Las razones me las da él mismo. No ha perdido ni un ápice de su optimismo antropológico. Y me cuenta que hace deporte todos los días que puede, que se levanta a las 6 de la mañana para correr. Y sobre todo, que duerme tranquilo. Así es que va a tener razón, pienso yo: si con la que está cayendo concilia el sueño y sigue optimista, las ojeras que luce y las canas que le asoman serán por los años que va cumpliendo, 50, no por las preocupaciones. Miedo me da que así sea. Verdaderamente no entiendo por qué no ha confesado alguna inquietud...

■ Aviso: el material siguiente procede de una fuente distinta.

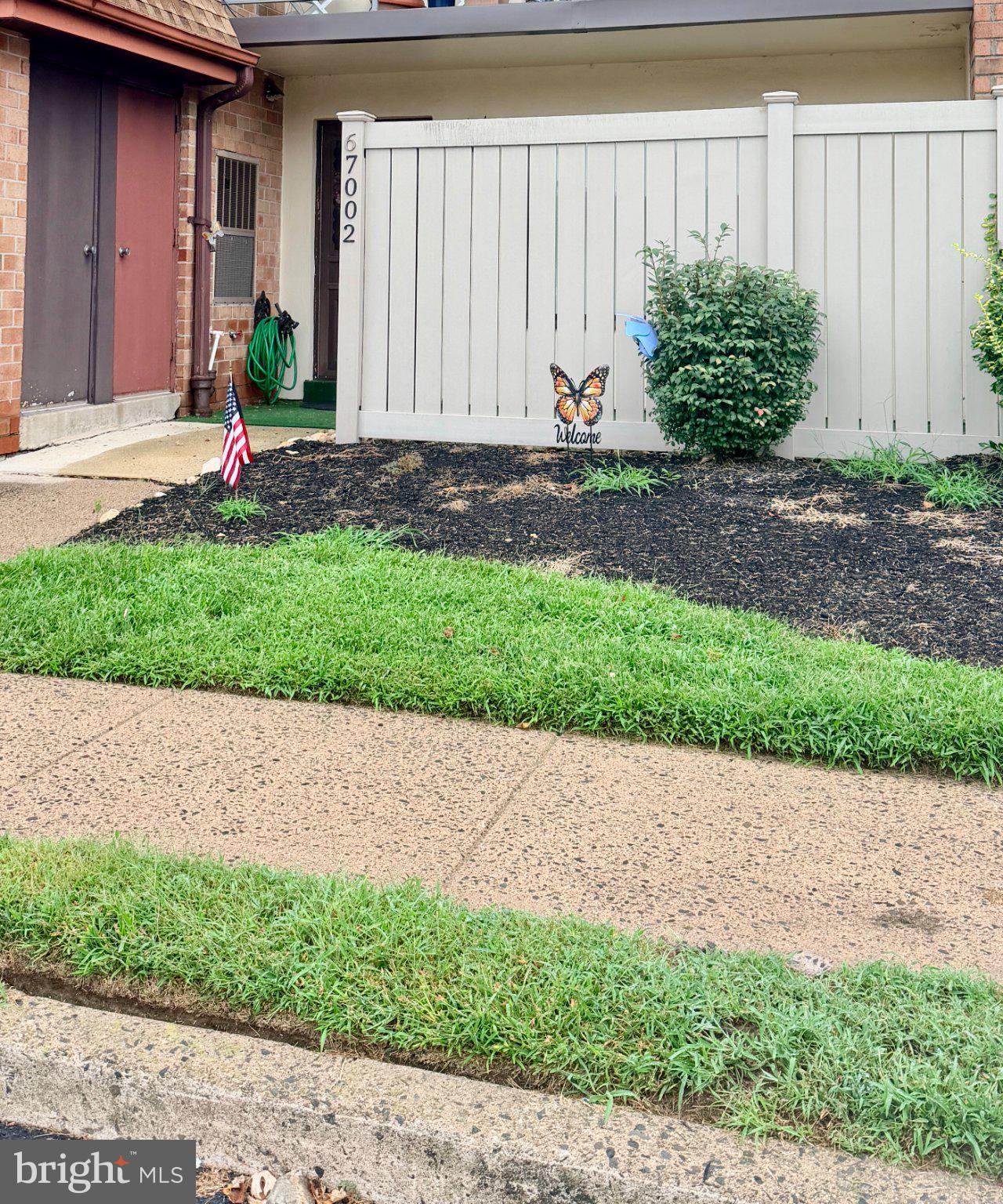 67002 DELAIRE LANDING ROAD 00 2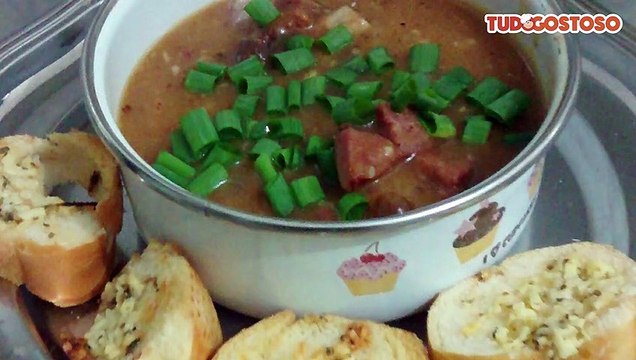 Caldo de aipim de calabresa e bacon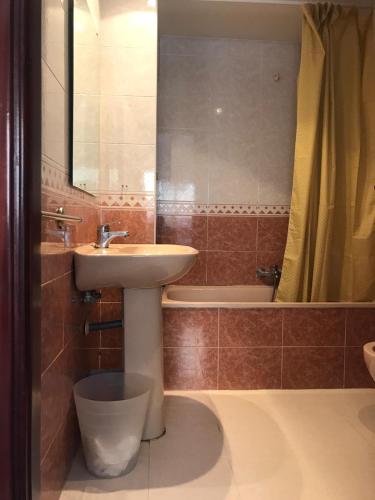 布尔哈索特PISO EN BURJASOT的浴室配有盥洗盆和浴缸。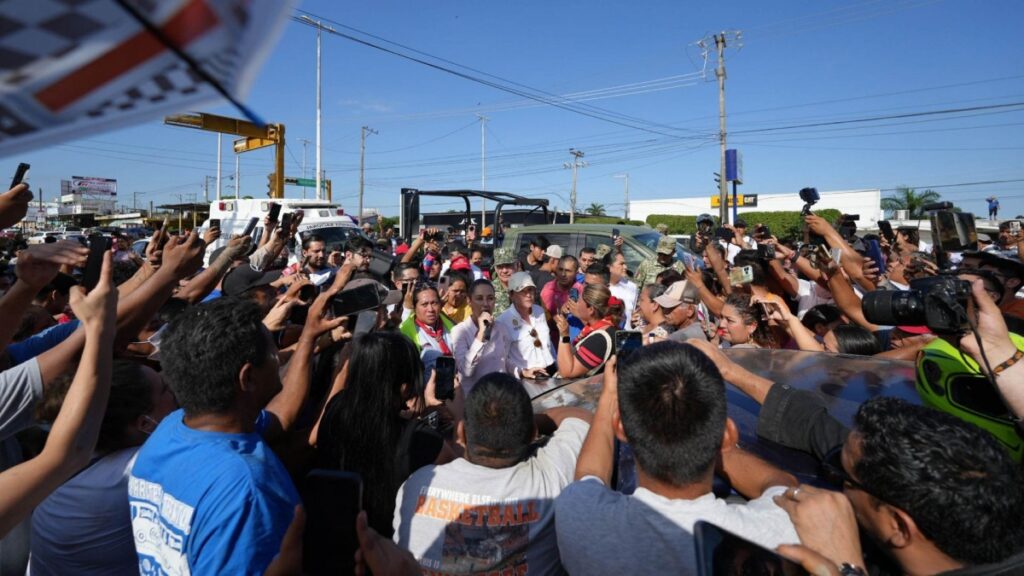 Reclaman a Sheinbaum por ayuda durante visita a Veracruz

Decía Margaret Thatcher que «la misión de un político no es la de gustar a todo el mundo», obviando que la devoción de un político consiste en ganarse la confianza del mayor número de ciudadanos posibles. Por eso ante la cámara, Zapatero se comporta como un hombre esquivo, sólo dispuesto a ajustarse a su guión. Aquí no está ni tranquilo, ni confiado. Rehúye las preguntas sin regalar un titular, convencido de que el interés por conocer la verdad de las cosas es un capricho de la incómoda periodista, y no del espectador. Tremendo error. La periodista pregunta lo que a cada hijo de vecino le gustaría interrogar a un presidente como él, si le tuviera delante. «¿Presidente, de verdad alguna vez no ha pensado en irse para no tener que aplicar políticas tan alejadas de su ideología?». Un pregunta humana, que él despeja con una respuesta sobre reformas iniciadas, índices encaminados, estadísticas cuadradas y objetivos cumplidos. Como los viejos feriantes callejeros, que a base de parloteo pretendían vender las delicias de la manta. La misma monserga de siempre, las peroratas conocidas ajustadas al guión de lo que se considera ha de ser un buen político. O sea, ¿dónde vas?, manzanas traigo. Como si el espectador fuera un memo, que se conformara con una respuesta de argumentario de partido.
Zapatero no practica eso de que una mentira repetida mil veces se convierte en una verdad –no seré yo quien diga eso– pero sí se emplea a fondo en la propaganda política. Sin concederse una confesión personal, una pequeña debilidad, un guiño ojeroso, un quiebro humano para encontrar la complicidad de un público no propicio a creerle. Pero no se desanimen. Lo mismo podría escribir de Rajoy. El primero que asome humanidad, por lo menos, dobla la partida.